-- Work request --
Omit all pictures, then retype the data exactly as given.

-- Available data --
Content starts

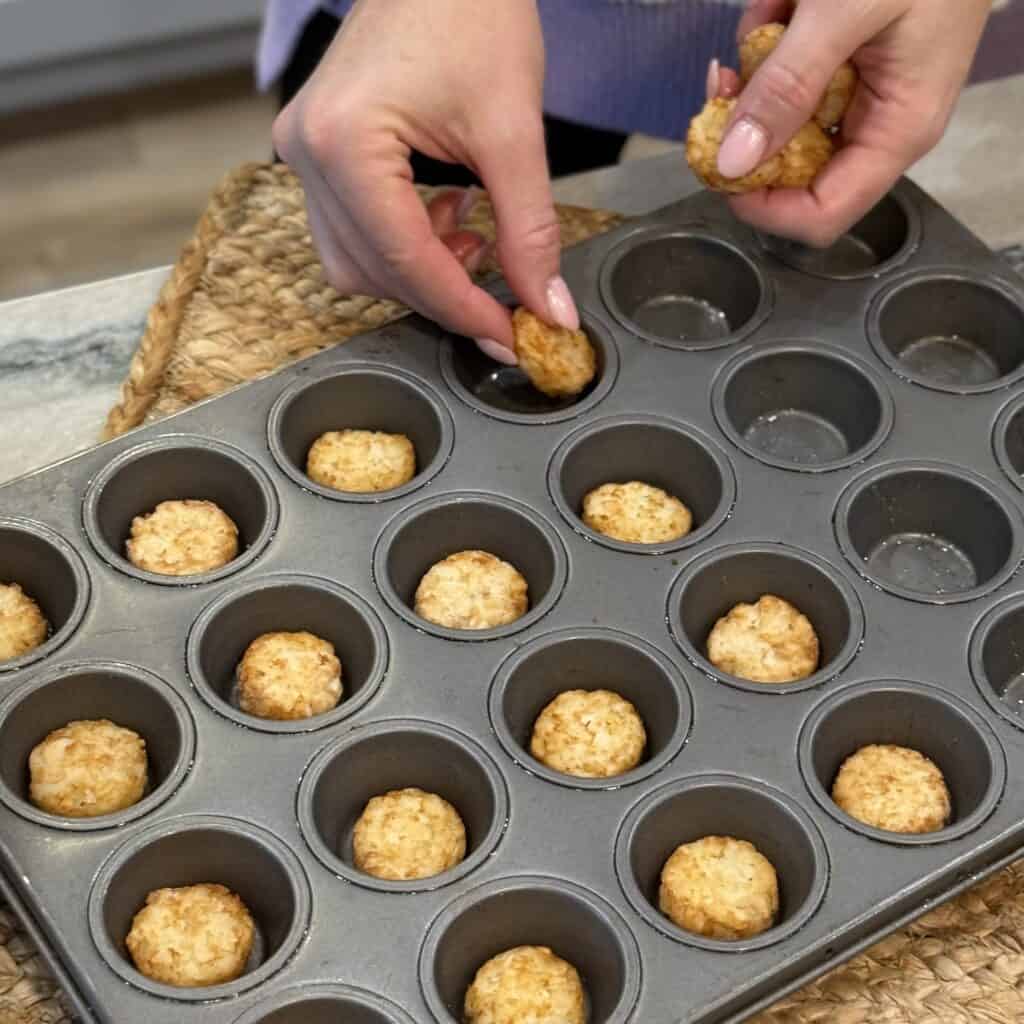 Adding Hash brown individuals to the pan.
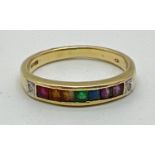 A 14ct gold ring set with 7 square cut channel set rainbow gemstones and flanked by diamonds.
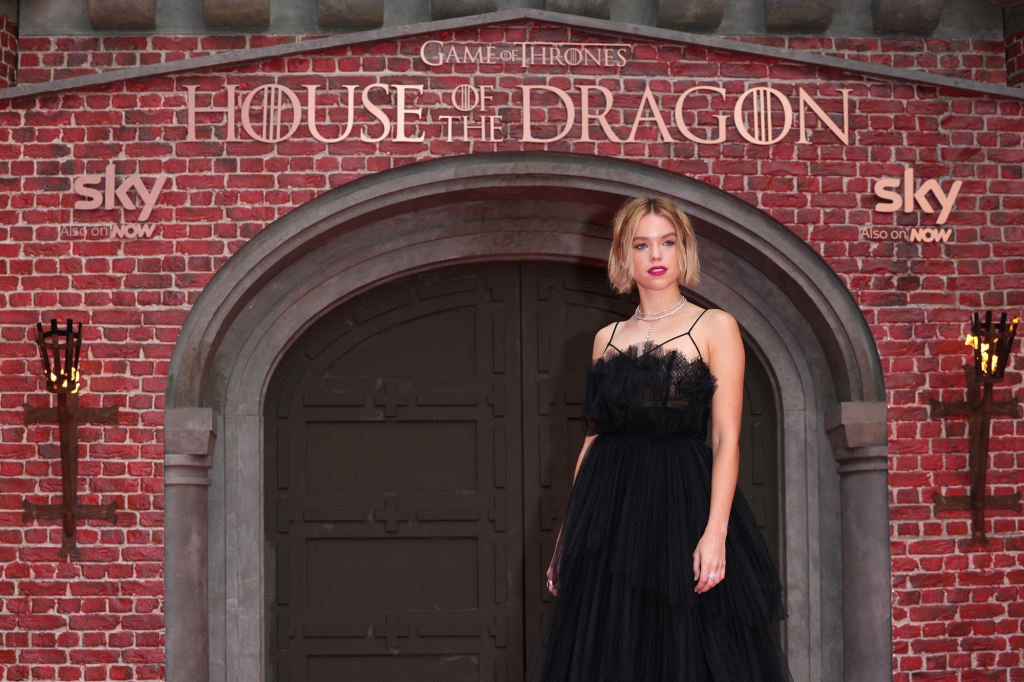 Milly Alcock in a black dress in front of a brick wall.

Content ends

-- Task solution --
 Adding Hash brown individuals to the pan.
 A 14ct gold ring set with 7 square cut channel set rainbow gemstones and flanked by diamonds.
 Milly Alcock in a black dress in front of a brick wall.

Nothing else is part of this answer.